16 Bu nedenle, şifa bulmak için günahlarınızı birbirinize itiraf edin ve birbiriniz için dua edin. Doğru kişinin yalvarışı çok güçlü ve etkilidir.
Confitemini ergo alterutrum peccata vestra, et orate pro invicem ut salvemini: multum enim valet deprecatio justi assidua.
17 İlyas da tıpkı bizim gibi insandı. Yağmur yağmaması için gayretle dua etti; üç yıl altı ay ülkeye yağmur yağmadı.
Elias homo erat similis nobis passibilis: et oratione oravit ut non plueret super terram, et non pluit annos tres, et menses sex.

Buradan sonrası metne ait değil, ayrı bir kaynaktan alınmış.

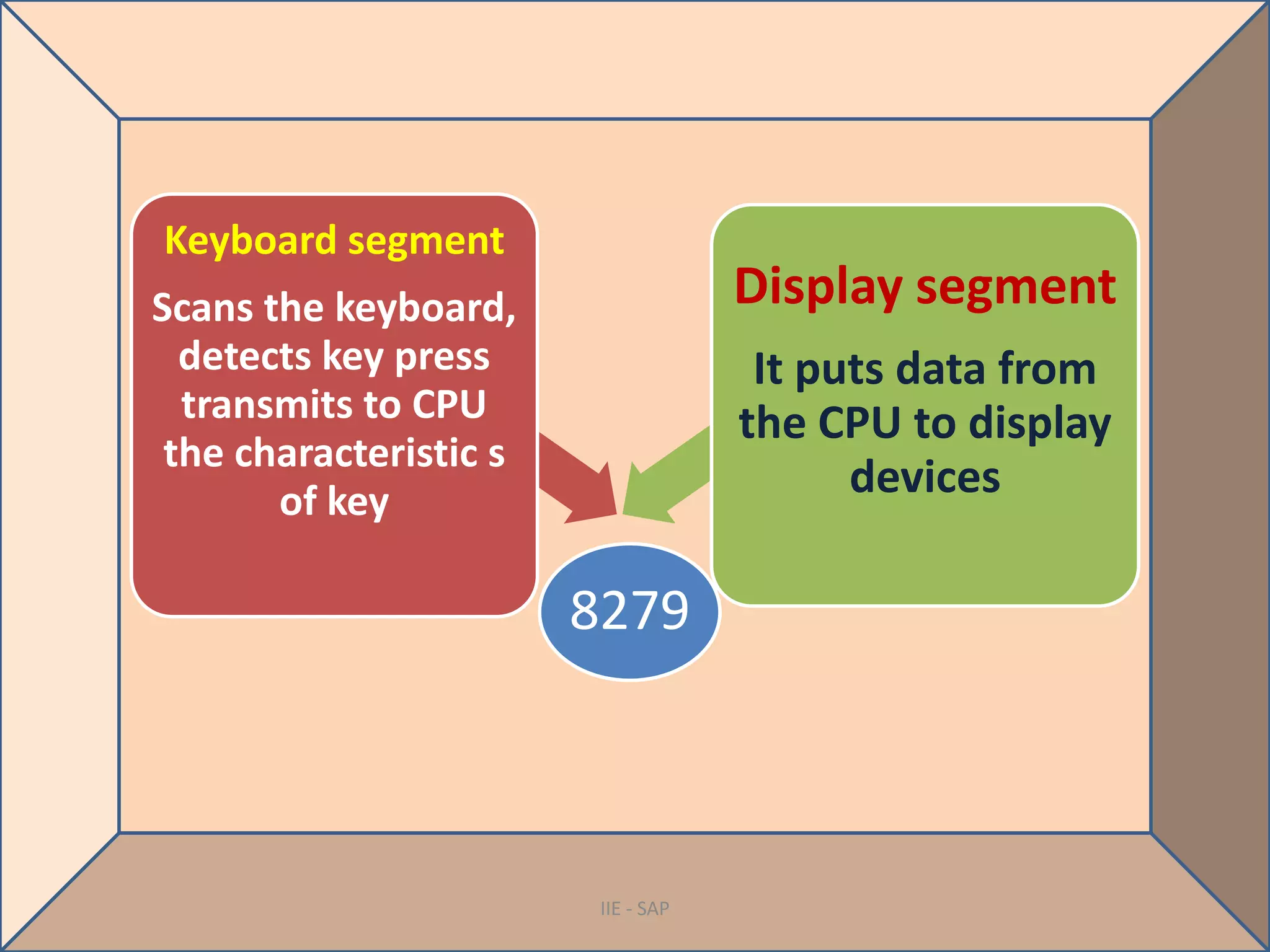 The disadvantages of this method of interfacing keyboard and display is that the processor has to refresh the display and check the status of the keyboard periodicallyusing polling technique.Thus a considerable amount of CPU time is wasted, reducing the system operating speed.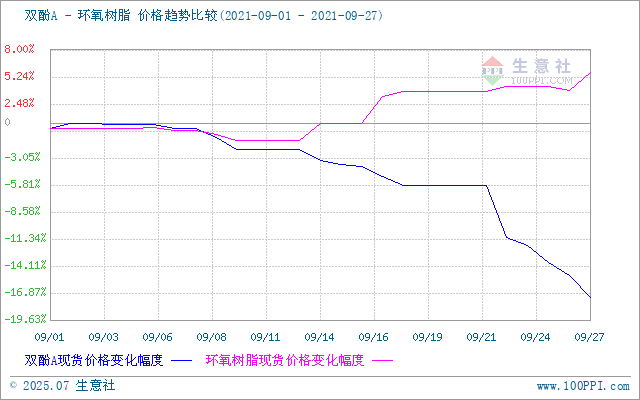 GRAPH.100PPI.COM ()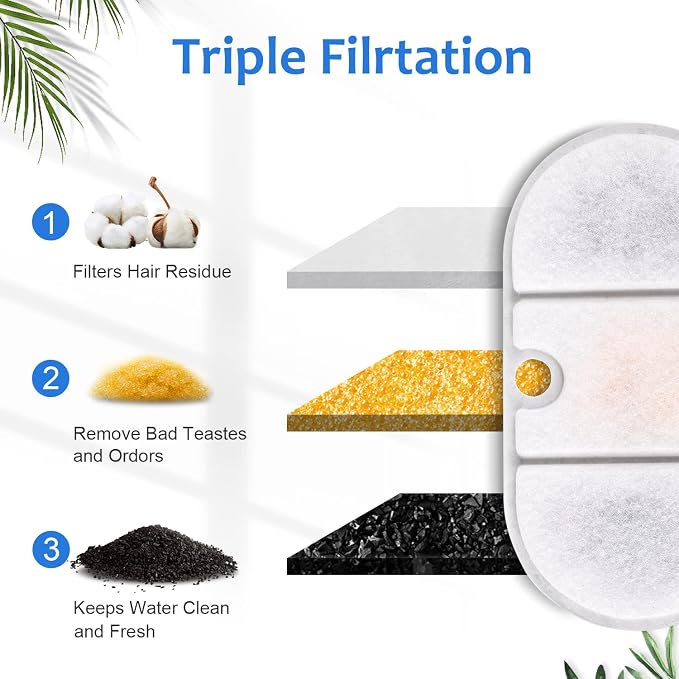8 Replacement Filters + 8 Sponges Cat Water Fountain Filters Compatible with PETLIBRO Capsule Pet Water Fountain: PLWF002, 71oz/2.1L Ultra Quiet-BPA-Free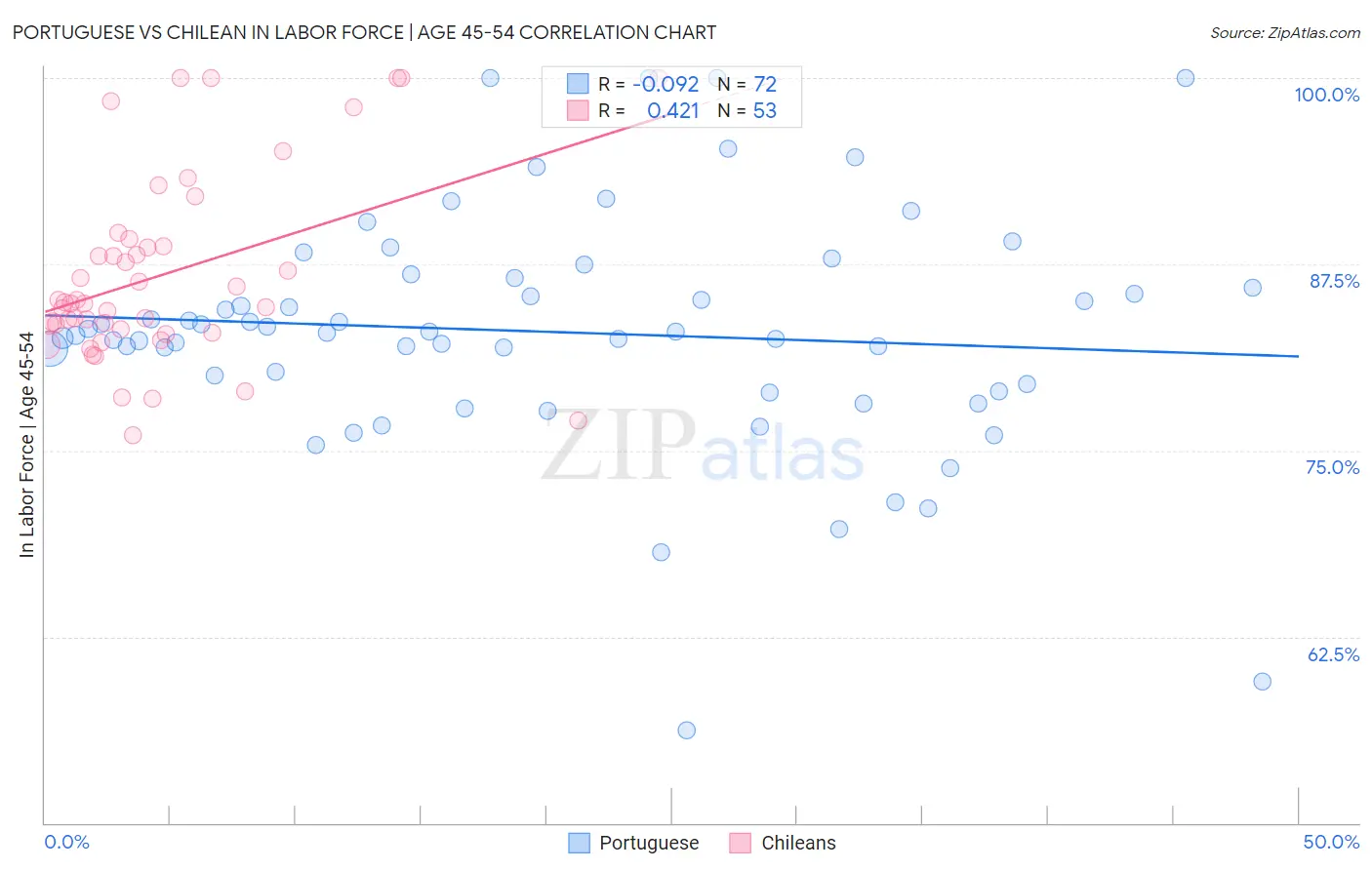 Portuguese vs Chilean In Labor Force | Age 45-54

18 Yeniden dua etti; gök yağmurunu, toprak da ürününü verdi.
Et rursum oravit: et cælum dedit pluviam, et terra dedit fructum suum.
19 Kardeşlerim, içinizden biri gerçeğin yolundan sapar da başka biri onu yine gerçeğe döndürürse, bilsin ki, günahkârı sapık yolundan döndüren, ölümden bir can kurtarmış, bir sürü günahı örtmüş olur.
Fratres mei, si quis ex vobis erraverit a veritate, et converterit quis eum:
scire debet quoniam qui converti fecerit peccatorem ab errore viæ suæ, salvabit animam ejus a morte, et operiet multitudinem peccatorum.